Virginia: State Speedtrap
Regulation, Speed Laws, Virginia
A classic American bête noire is the grasping rural village which makes a practice of enhancing its municipal revenues by officious enforcement of some exaggeratedly low speed limit on the portion of state highway passing through its jurisdiction.
As the Washington Times observes, the Virginia General Assembly has turned the whole Commonwealth into a speedtrap, aiming at vacuuming the wallets of its own residents.
Starting today, Virginia drivers are in for one of the region’s most egregious money grabs in a long time. Authorities are slated to begin imposing a jaw-dropping $1,050 “abuser fee” on drivers registered in-state who are caught speeding 20 or more mph over the limit. It was tucked into the state transportation bill and passed quietly by the General Assembly months ago, with very little notice.

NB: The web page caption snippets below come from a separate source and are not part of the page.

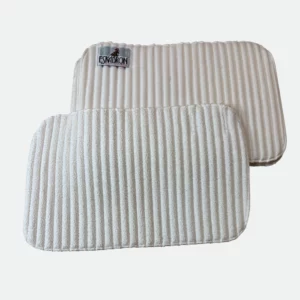 Eskadron - Set de 2 flanelles anterieur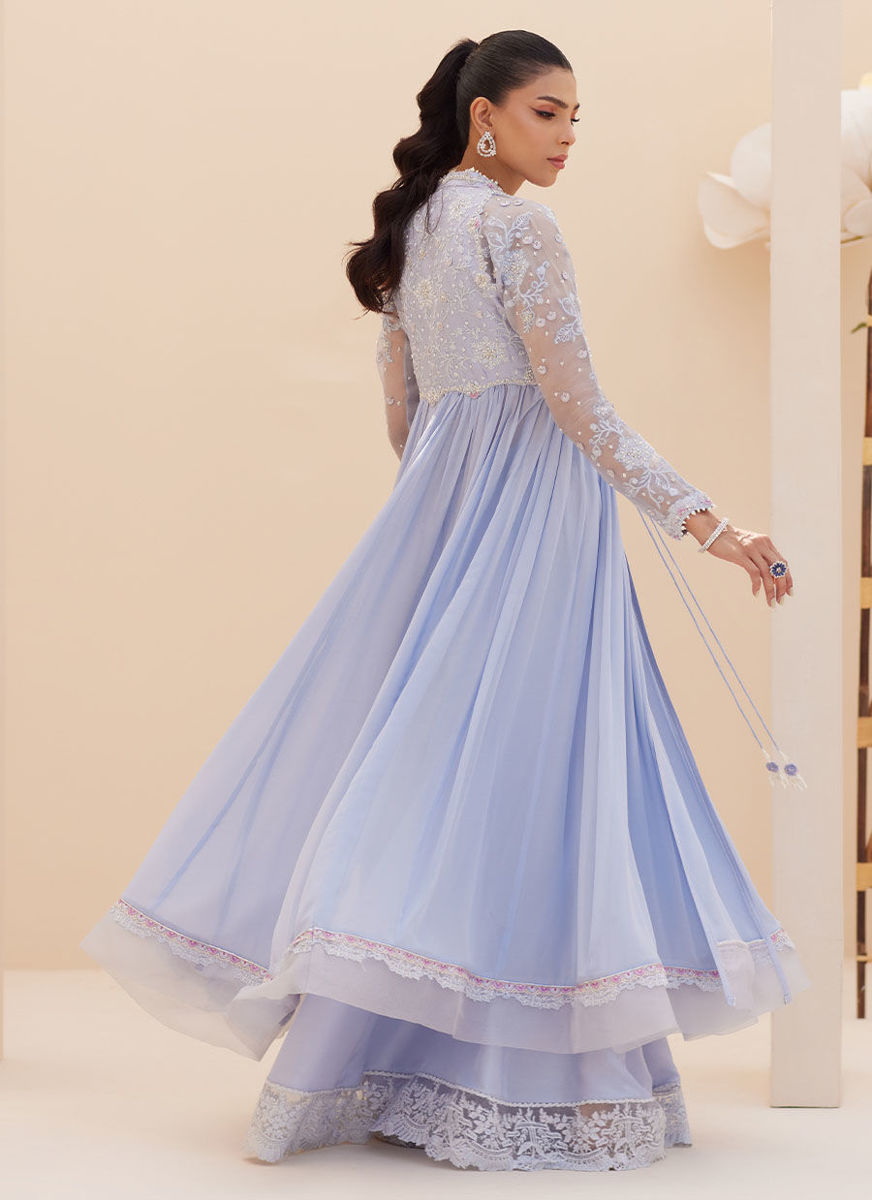 Antalia Wedgewood Blue Kalidaar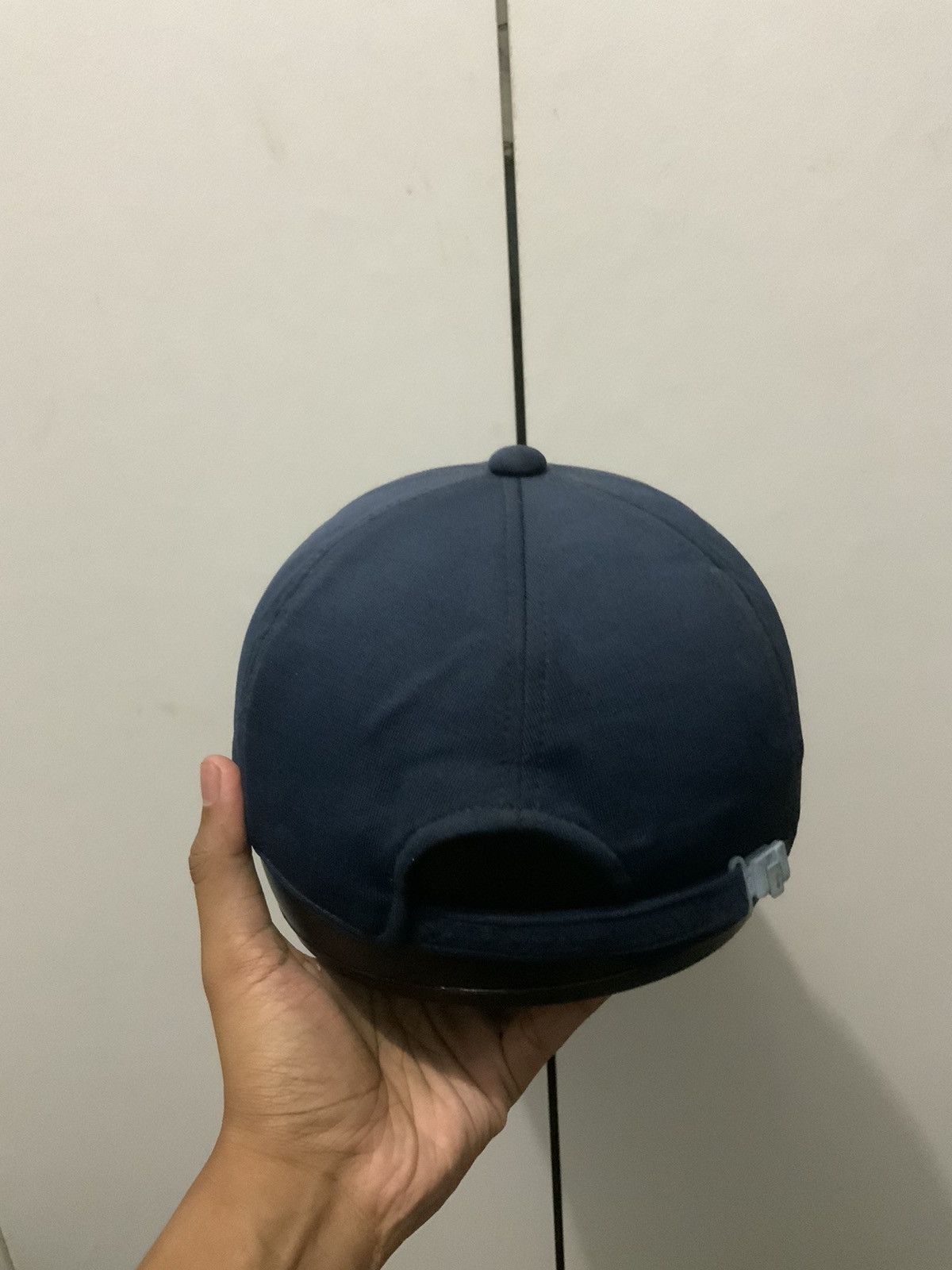 Vintage Vintage People People Japan Blue Impulse Indigo Hat Size ONE SIZE - 4 Thumbnail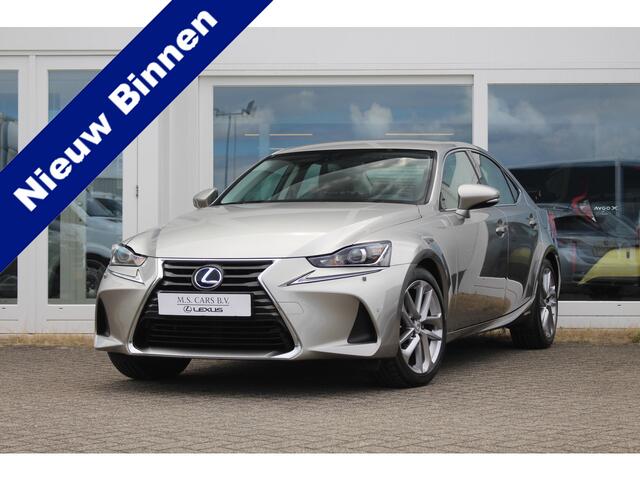 Lexus IS 300h Hybrid Business Line I Facelift I Navi I Camera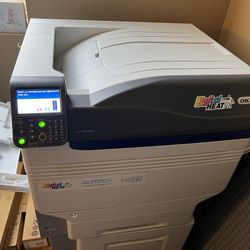 DTF 9541 Digital Heat FX Printer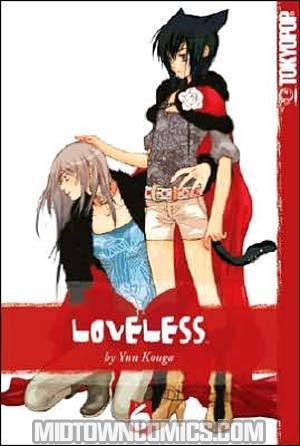 Loveless Manga Vol 6 GN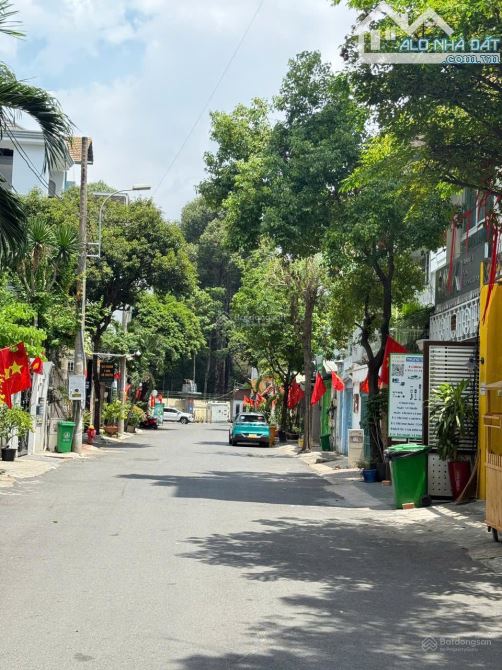 Tòa nhà 86/39 Phổ Quang, Tân Bình, DT: 5x22m, hầm 6 tầng, giá 35 tỷ TL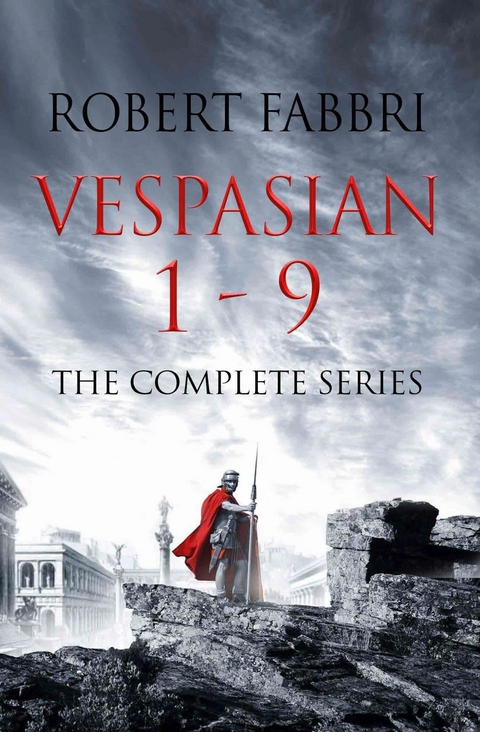 Complete Vespasian Boxset -  Robert Fabbri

Any Washington-area driver knows that in some stretches of the Beltway, it is quite common for motorists to cruise along at 70 -75 mph in 55 mph zones. In some cases, this is what it takes to keep up with traffic. Under Virginia state law, however, this is right on the cusp of a reckless driving charge. A absurd fee is now being imposed in the name of public safety and budgetary sense.
This is a colossal abuse of public trust well before it is either a safety boon or a budgetary salve. Certainly it will be a major financial hardship on low- and middle-income motorists. …
But $1,050 for driving 20 mph over the speed limit is predatory, tax-and-spend government at its worst. For families in the middle or at the bottom of the economic ladder, this reaches 4 percent and 5 percent of annual take-home income. Government is supposed to serve the people, not fine and tax them toward the poor house for what amounts to ordinary behavior.
The story of how Virginia got here goes something like this: Downstate Republicans have repeatedly refused to compromise with Northern Virginia over transportation funding. This led Northern Virginia lawmakers to view fees as the only means of balancing revenue and spending. Not wanting to pass unpopular tax increases or cut rapidly growing but allegedly untouchable unrelated programs, lawmakers in Richmond quietly tucked this into a transportation bill. They now have the gall to complain that no one criticized the plan earlier. Meanwhile, some are calling this the “Lawyer Full Employment Act of 2007.”
And Radley Balko, at Reason Magazine, identifies who’s behind all this.
The self-described “chief architect” for this bill is Delegate David Albo. Albo boasts on his website that he’s worked for 20 months to bring this bill into law. What his website doesn’t mention is that when Albo isn’t legislating tough new laws aimed at Virginia’s motorists, he’s representing those same motorists in court.
That’s right. Albo’s a lawyer. And not just any lawyer. The firm that bears his name specializes in traffic law, particularly in representing people charged with DWI and reckless driving.
It’s time for a rebellion in Virginia.